** DIRECTIONS **
Up to and including the line that contains "peugeot 207 1.4 16v sport novembro/10", return every line from the start of the data, unchanged.

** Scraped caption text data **
================

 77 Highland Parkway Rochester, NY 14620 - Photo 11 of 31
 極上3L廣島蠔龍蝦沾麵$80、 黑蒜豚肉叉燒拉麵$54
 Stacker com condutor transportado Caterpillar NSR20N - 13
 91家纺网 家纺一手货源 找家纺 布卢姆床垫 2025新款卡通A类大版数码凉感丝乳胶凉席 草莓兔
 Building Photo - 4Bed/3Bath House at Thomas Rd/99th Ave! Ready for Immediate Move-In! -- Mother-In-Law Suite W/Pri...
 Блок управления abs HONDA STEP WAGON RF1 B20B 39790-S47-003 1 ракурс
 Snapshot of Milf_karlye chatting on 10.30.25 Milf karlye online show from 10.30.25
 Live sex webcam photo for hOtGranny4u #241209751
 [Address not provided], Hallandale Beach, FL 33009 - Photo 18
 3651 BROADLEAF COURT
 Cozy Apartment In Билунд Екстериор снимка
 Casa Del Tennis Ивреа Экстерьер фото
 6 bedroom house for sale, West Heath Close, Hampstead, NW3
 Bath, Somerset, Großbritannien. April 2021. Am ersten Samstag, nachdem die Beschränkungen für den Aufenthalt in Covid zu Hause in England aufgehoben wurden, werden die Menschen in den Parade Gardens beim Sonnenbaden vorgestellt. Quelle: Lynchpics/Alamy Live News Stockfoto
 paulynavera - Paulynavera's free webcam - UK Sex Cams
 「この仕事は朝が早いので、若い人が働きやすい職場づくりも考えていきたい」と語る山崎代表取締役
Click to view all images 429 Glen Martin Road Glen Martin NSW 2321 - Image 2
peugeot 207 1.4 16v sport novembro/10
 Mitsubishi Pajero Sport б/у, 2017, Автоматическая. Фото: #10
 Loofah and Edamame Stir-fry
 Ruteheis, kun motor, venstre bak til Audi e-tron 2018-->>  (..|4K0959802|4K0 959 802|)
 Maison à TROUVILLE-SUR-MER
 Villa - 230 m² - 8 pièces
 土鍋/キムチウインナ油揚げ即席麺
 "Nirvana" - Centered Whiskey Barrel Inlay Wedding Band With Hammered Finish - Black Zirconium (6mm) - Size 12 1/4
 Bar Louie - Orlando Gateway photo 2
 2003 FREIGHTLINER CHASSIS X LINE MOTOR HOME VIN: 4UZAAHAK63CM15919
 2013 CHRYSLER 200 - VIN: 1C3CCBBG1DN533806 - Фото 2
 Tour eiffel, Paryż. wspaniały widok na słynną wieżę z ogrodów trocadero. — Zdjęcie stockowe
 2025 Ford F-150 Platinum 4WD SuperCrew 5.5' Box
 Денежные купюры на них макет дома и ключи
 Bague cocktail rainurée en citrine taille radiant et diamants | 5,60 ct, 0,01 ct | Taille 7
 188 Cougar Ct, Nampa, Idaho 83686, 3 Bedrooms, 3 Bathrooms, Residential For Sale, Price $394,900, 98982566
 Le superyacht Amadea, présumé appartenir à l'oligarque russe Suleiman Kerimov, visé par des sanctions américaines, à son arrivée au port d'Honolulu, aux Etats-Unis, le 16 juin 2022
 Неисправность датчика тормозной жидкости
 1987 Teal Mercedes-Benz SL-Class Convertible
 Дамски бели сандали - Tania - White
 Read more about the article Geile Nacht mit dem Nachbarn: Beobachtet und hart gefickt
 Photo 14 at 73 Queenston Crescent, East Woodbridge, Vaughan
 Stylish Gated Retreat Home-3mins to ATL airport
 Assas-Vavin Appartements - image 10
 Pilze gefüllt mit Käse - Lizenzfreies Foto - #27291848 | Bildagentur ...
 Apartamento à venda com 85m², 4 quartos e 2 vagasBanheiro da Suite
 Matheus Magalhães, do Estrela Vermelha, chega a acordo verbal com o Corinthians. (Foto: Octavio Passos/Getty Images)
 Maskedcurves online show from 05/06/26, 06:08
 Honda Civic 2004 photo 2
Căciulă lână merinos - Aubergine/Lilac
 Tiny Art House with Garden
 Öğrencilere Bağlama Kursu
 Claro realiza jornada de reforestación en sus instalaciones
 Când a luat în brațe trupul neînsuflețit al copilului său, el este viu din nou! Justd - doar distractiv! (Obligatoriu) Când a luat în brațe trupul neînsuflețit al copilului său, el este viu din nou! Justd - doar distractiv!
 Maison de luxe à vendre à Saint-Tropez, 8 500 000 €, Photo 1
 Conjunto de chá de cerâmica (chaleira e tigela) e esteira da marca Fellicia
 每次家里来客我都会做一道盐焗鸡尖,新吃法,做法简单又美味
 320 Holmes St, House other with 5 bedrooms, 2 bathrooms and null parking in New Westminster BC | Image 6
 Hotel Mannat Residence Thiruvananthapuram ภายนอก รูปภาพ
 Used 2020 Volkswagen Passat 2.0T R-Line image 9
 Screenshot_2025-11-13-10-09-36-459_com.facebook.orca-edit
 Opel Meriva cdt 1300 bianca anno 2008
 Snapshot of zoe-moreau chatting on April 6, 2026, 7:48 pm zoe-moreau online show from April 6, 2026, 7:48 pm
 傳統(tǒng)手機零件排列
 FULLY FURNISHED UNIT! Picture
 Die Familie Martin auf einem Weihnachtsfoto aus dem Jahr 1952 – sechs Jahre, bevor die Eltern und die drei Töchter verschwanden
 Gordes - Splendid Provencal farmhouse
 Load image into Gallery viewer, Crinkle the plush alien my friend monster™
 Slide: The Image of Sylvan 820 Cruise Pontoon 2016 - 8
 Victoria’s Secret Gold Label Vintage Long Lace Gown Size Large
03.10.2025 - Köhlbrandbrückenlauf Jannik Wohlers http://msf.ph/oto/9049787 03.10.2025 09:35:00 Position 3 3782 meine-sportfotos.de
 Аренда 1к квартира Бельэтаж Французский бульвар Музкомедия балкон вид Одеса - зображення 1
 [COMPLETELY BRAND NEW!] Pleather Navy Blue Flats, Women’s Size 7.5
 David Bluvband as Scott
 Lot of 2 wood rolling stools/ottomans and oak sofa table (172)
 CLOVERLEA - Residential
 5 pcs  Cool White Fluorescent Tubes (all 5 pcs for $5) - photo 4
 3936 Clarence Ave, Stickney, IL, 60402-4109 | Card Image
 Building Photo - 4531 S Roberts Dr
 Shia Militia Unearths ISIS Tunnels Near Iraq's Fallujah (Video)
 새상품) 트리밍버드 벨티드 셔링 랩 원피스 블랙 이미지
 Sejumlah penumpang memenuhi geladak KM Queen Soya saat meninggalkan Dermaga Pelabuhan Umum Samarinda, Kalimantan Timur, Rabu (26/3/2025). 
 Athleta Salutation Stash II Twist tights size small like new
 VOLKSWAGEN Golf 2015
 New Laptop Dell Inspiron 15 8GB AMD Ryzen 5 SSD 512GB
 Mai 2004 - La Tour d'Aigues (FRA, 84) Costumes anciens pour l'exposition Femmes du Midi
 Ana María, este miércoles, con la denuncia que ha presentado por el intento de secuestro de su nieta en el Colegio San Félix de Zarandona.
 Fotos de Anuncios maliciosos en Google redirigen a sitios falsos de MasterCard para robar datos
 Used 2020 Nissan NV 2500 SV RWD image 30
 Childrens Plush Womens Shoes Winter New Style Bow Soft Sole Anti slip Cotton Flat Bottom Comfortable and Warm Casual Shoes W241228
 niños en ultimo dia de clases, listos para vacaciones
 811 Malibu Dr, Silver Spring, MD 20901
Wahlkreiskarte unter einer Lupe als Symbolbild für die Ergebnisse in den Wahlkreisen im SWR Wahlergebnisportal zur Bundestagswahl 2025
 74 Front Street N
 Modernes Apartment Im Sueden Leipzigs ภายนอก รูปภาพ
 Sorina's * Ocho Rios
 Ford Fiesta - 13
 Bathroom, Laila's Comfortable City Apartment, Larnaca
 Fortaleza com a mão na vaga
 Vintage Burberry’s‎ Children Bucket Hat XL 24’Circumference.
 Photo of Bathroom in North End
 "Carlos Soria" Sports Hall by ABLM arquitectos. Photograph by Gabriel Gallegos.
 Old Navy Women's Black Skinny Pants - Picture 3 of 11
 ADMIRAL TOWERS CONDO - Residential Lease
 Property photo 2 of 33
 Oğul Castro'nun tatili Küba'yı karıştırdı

================

** FINAL ANSWER **
 77 Highland Parkway Rochester, NY 14620 - Photo 11 of 31
 極上3L廣島蠔龍蝦沾麵$80、 黑蒜豚肉叉燒拉麵$54
 Stacker com condutor transportado Caterpillar NSR20N - 13
 91家纺网 家纺一手货源 找家纺 布卢姆床垫 2025新款卡通A类大版数码凉感丝乳胶凉席 草莓兔
 Building Photo - 4Bed/3Bath House at Thomas Rd/99th Ave! Ready for Immediate Move-In! -- Mother-In-Law Suite W/Pri...
 Блок управления abs HONDA STEP WAGON RF1 B20B 39790-S47-003 1 ракурс
 Snapshot of Milf_karlye chatting on 10.30.25 Milf karlye online show from 10.30.25
 Live sex webcam photo for hOtGranny4u #241209751
 [Address not provided], Hallandale Beach, FL 33009 - Photo 18
 3651 BROADLEAF COURT
 Cozy Apartment In Билунд Екстериор снимка
 Casa Del Tennis Ивреа Экстерьер фото
 6 bedroom house for sale, West Heath Close, Hampstead, NW3
 Bath, Somerset, Großbritannien. April 2021. Am ersten Samstag, nachdem die Beschränkungen für den Aufenthalt in Covid zu Hause in England aufgehoben wurden, werden die Menschen in den Parade Gardens beim Sonnenbaden vorgestellt. Quelle: Lynchpics/Alamy Live News Stockfoto
 paulynavera - Paulynavera's free webcam - UK Sex Cams
 「この仕事は朝が早いので、若い人が働きやすい職場づくりも考えていきたい」と語る山崎代表取締役
Click to view all images 429 Glen Martin Road Glen Martin NSW 2321 - Image 2
peugeot 207 1.4 16v sport novembro/10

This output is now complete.